» TASK
From the data below, return only the lines from the one with "2024短视频掘金项目，AI" through the one with "Seasons Greetings Hanukkah", exact and inclusive, with pictures left out.

(Beginning of MATERIAL TO PROCESS)

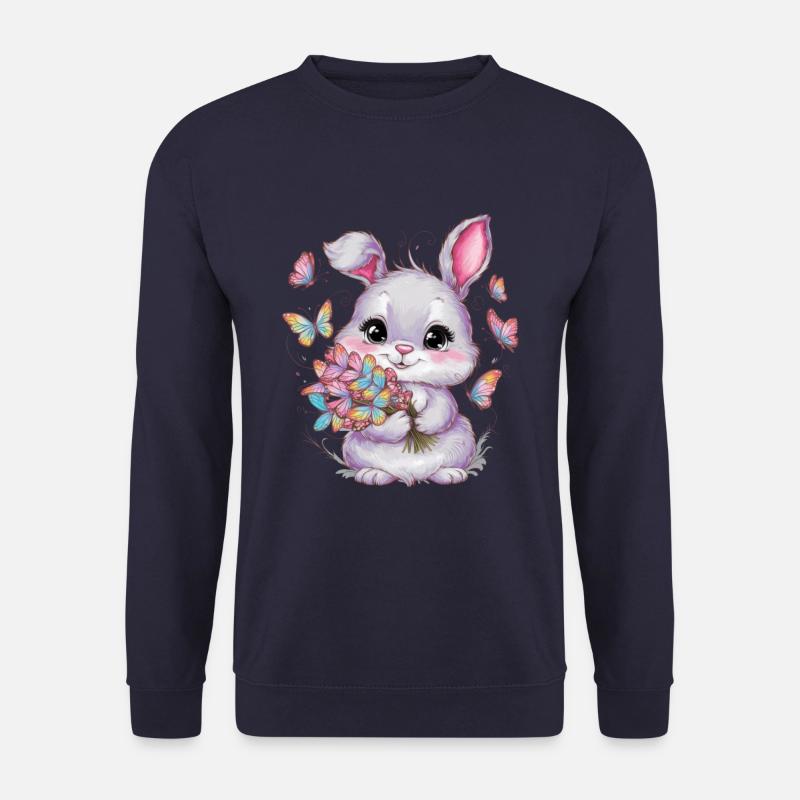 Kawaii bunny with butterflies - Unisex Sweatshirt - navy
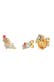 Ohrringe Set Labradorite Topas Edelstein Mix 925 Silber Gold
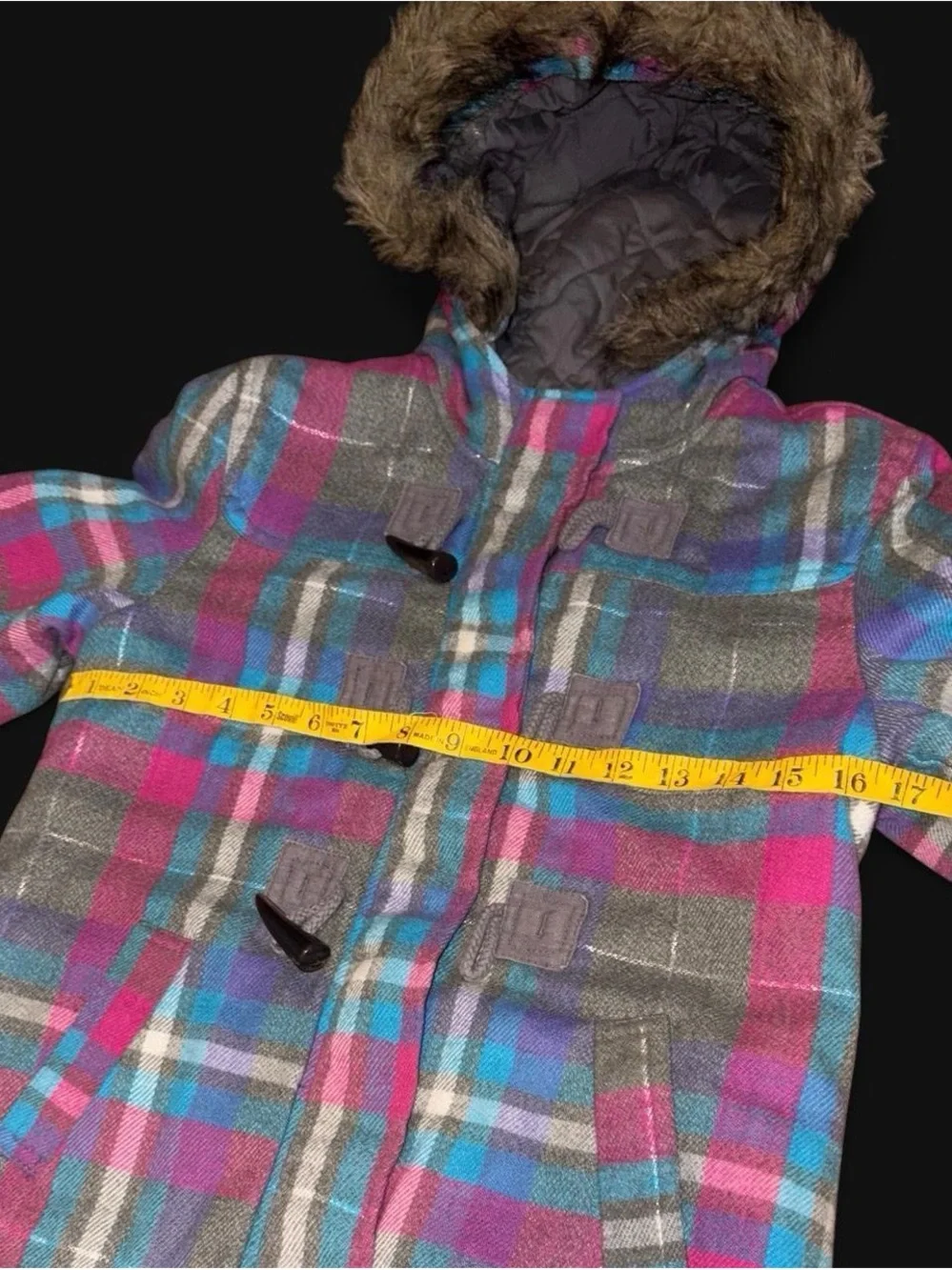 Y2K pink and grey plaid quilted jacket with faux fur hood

(End of MATERIAL TO PROCESS)
(Beginning of MATERIAL TO PROCESS)

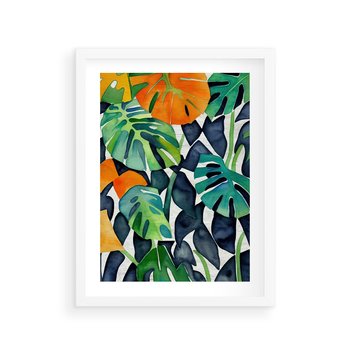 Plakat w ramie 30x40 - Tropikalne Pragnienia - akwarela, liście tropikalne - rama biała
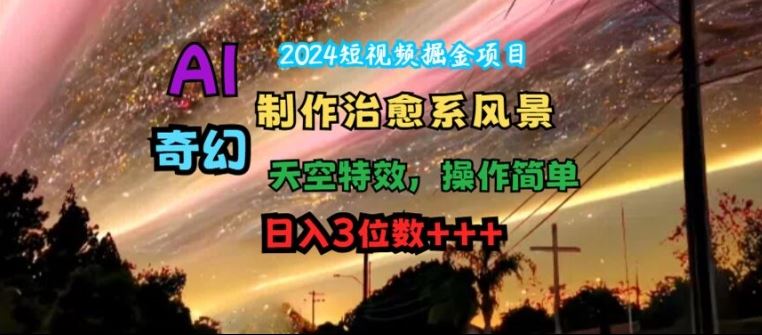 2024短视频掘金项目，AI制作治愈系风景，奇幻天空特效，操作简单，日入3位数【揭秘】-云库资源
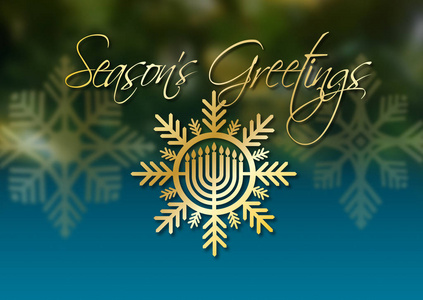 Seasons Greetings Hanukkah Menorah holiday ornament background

(End of MATERIAL TO PROCESS)

» OUTPUT OF THE TASK
 2024短视频掘金项目，AI制作治愈系风景，奇幻天空特效，操作简单，日入3位数【揭秘】-云库资源
 Seasons Greetings Hanukkah Menorah holiday ornament background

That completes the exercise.